When Adolfo Costa became the principal of Coral Gables Senior High School five years ago, the graduation rate was poor, opportunities for students were limited and the school was 12 points away from becoming a D school.
Fast forward five years. Under the direction of Costa, Coral Gables Senior High School has been an “A” school for the last three years, the graduation rate is 83.5 percent and 811 students are enrolled in dual enrollment, taking classes at both the high school and Miami Dade College and Florida International University.
“There has been a whole academic cultural turnaround,” he said. “Everything across the board is thriving and we’re offering every student opportunities not only here and now, but also for the future.”
Last week, Costa received the 2013 Leonard Miller Principal Leadership Award from the Council for Educational Change, a statewide nonprofit focusing on leadership that boosts students’ achievement. Miller founded the council.
The $10,000 personal award is given to a principal in Florida who exhibits leadership, which Miller, the former chair of the South Florida Annenberg Challenge and the former head of Lennar Homes, believed was fundamental to school improvement. Miller died in 2002. Costa bested two other principals: Kyle Dresback of Allen D. Nease High School from St. Johns County and Robert McCue of South Lake High School from Lake County. They each received $5,000.

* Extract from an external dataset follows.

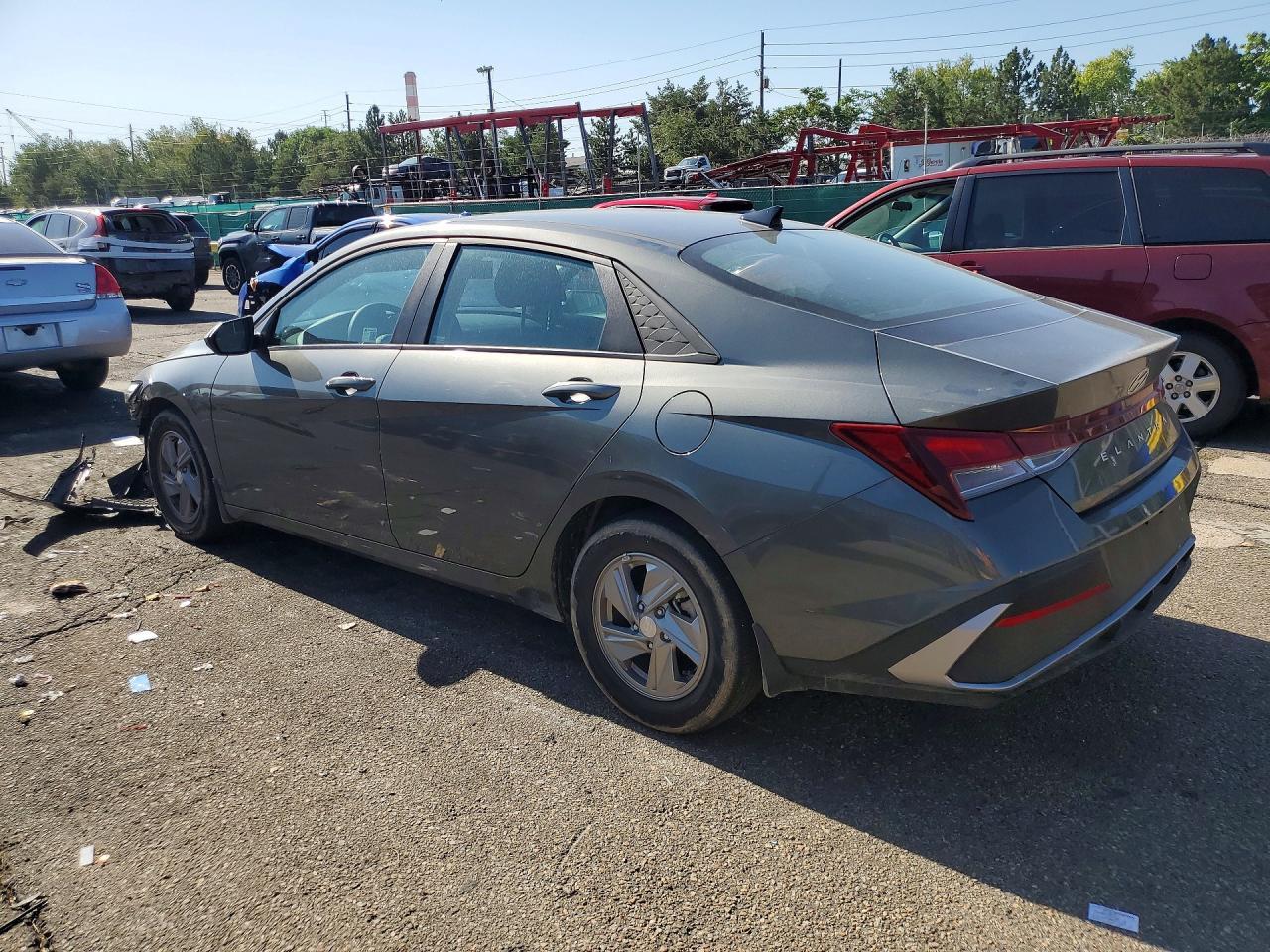 2025 Hyundai Elantra Se - zdjęcie 2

“It’s a very special award to receive, not only for me, but for the work of the students here at Coral Gables Senior High,” said Costa, 42, a graduate of Coral Park Senior High. “The school has a whole different vibe now.”

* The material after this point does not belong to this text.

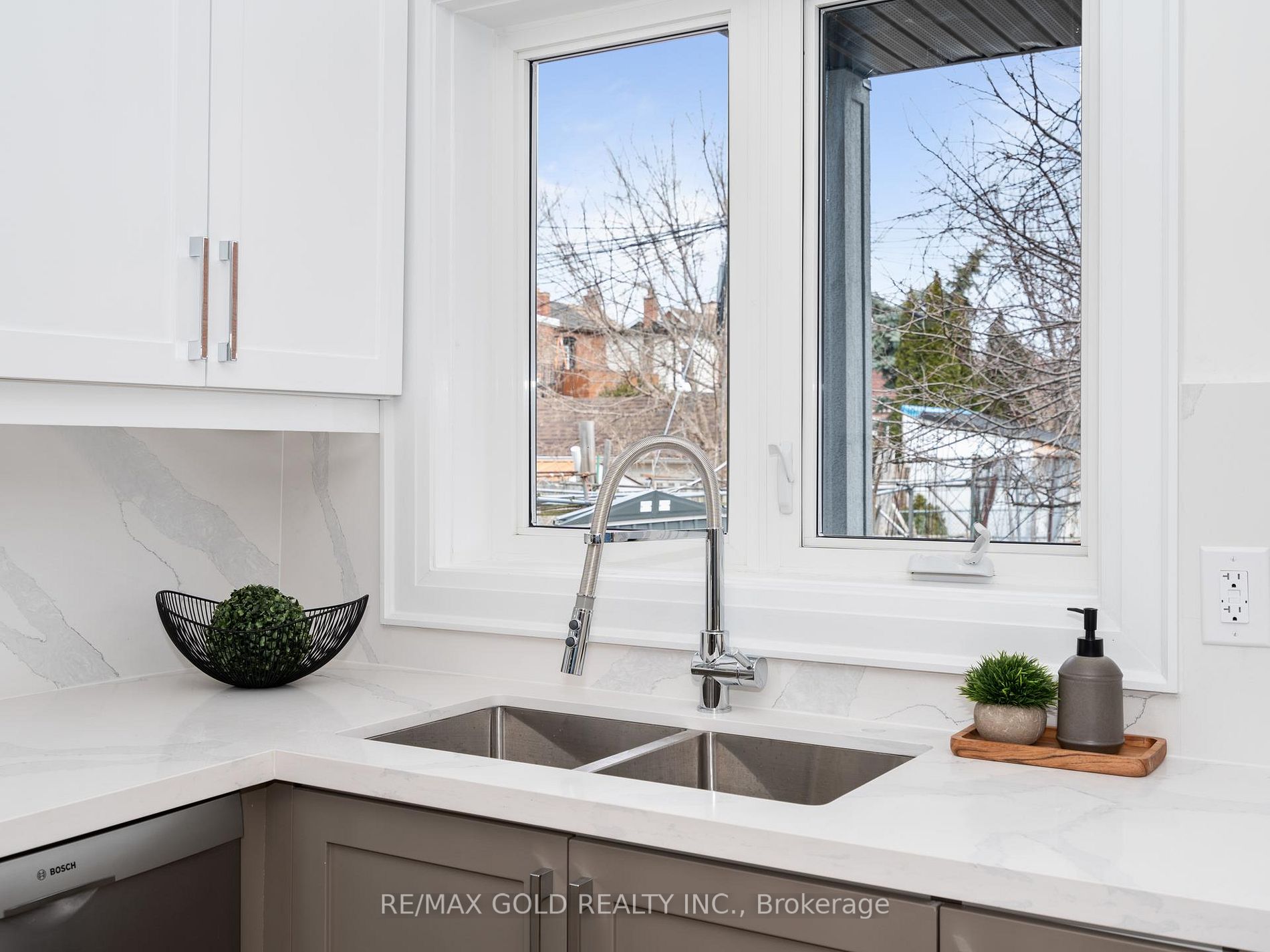 1007 Ossington Ave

Costa, who earned a bachelor’s degree in English from FIU and master’s degrees from FIU and Nova Southeastern University, had been an English teacher at Miami Edison and West Miami middle schools before becoming an assistant principal at Howard A. Doolin Middle School and Miami Southridge Senior High. He was a principal at Allapattah Middle School before being named principal at Gables for the 2009-2010 school year.
Since being named principal at Gables, the diploma rate for the International Baccalaureate program has gone from 55 percent to 77 percent. The school also created a magnet program called the International Business and Finance Academy and opened a credit union run by the students.
“I have this saying that Coral Gables Senior High is like Baskin-Robbins,” he said. “We have a flavor for every type of student, high and low performing. You can strive for what you want here.”